I ordered one because I wanted to try their planting guide. The one I hand write I can barely read, not that my handwriting in their journal will be any better but at least I will start with something legible.

Cost for the journal $15 each; another $7 for shipping available from University of Missouri Extension. 

To make this a fun garden gift, add something personal – handmade jam or whatever your gift specialty is, or pick up seed packets still available at most garden centers. This time of year they are usually on sale. Most seeds are viable for at least 2 years.

You can also order a lovely free catalog from Baker Seed Company, Marshfield, Missouri. They specialize in rare and heirloom seeds. Their catalog would make a great companion to this garden journal and calendar.

Plantable Wrapping Paper

Between tissue-filled gift bags to brown paper bag wrapping with jute cord, decorating gifts is almost as much of an art form as the gifts, and well wishes, themselves.

In the US, annual trash fro gift-wrap and shopping bags totals 4 million tons, according to Use Less Stuff. Half of the paper America consumes is used to wrap and decorate consumer products, an approximate 25% increase in household waste from Thanksgiving to New Year's Day.

One solution, plantable wrapping paper. I didn't get around to making any so I bought this package from bloomingbulb.com.

The paper sheets have flower seeds sandwiched in between. After decorating a gift, and the danger of frost is past in your planting area, the wrapping paper can literally be buried to grow flowers, either in a bed or a pot. Instructions included on each gift tag.

 Now that's a gift that keeps on giving!

Time to Save Egg Cartons

It's time to start saving egg cartons again. Although I initially started only saving cardboard ones for seed starting, I learned this past year to appreciate using styrofoam ones under the cardboard ones.

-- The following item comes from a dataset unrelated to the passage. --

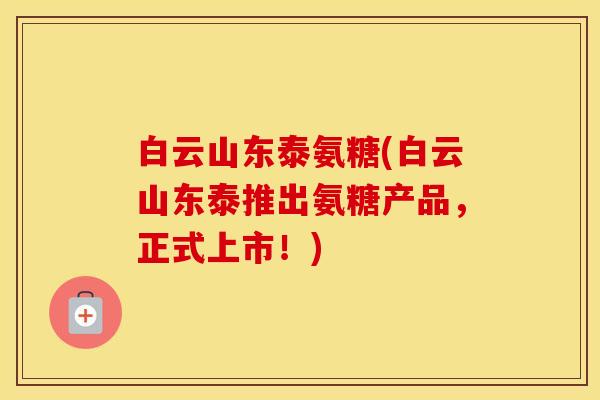 白云山东泰氨糖(白云山东泰推出氨糖产品,正式上市!) 白云山东泰氨糖(白云山东泰推出氨糖产品,正式上市!)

Cardboard egg cartons with sprouting seedlings can be cut up and buried straight into the ground. Styrofoam egg cartons serve as a protective barrier while seeds are sprouting so moisture won't quickly disintegrate the cardboard.

Yes, I am already thinking about what supplies and garden tools I will need for next year.

2015 Missouri Department of Conservation Natural Events Calendar

The 2015 Missouri Department of Conservation's Natural Events Calendar is out for 2015. The 10x14-inch lovely yearly calendar has beautiful nature photography and natural events listings: when hummingbirds migrate, when columbine flowers bloom, when chiggers start biting.

I tend to use mine to mark major gardening and beekeeping chores.

Here's a sneak peek at mid-year:

I have a special garden place to release turtles so I have my eye on this photo on the back for possible framing.

 

Snow Flowers

These succulent perennials go through an amazing transformation, starting as green-looking roses hugging the ground in spring. In summer, Autumn Joy Sedum grow 2-feet tall with large heads of tiny pink flowers that attract a variety of pollinators. In fall, Autumn Joy Sedum"blooms" with seed heads that dry to a burnt red. Greenery dies back, leaving only the large heads.

The striking stalks add winter interest as they dry and get covered in snow. I call them my "snow flowers." Snow protects seed-heads for late winter food for birds. The one drawback to this succulent is that it is also attractive to deer. Once munched, however, Autumn Joy Sedum will grow back again as long as they haven't been pulled completely out of the ground.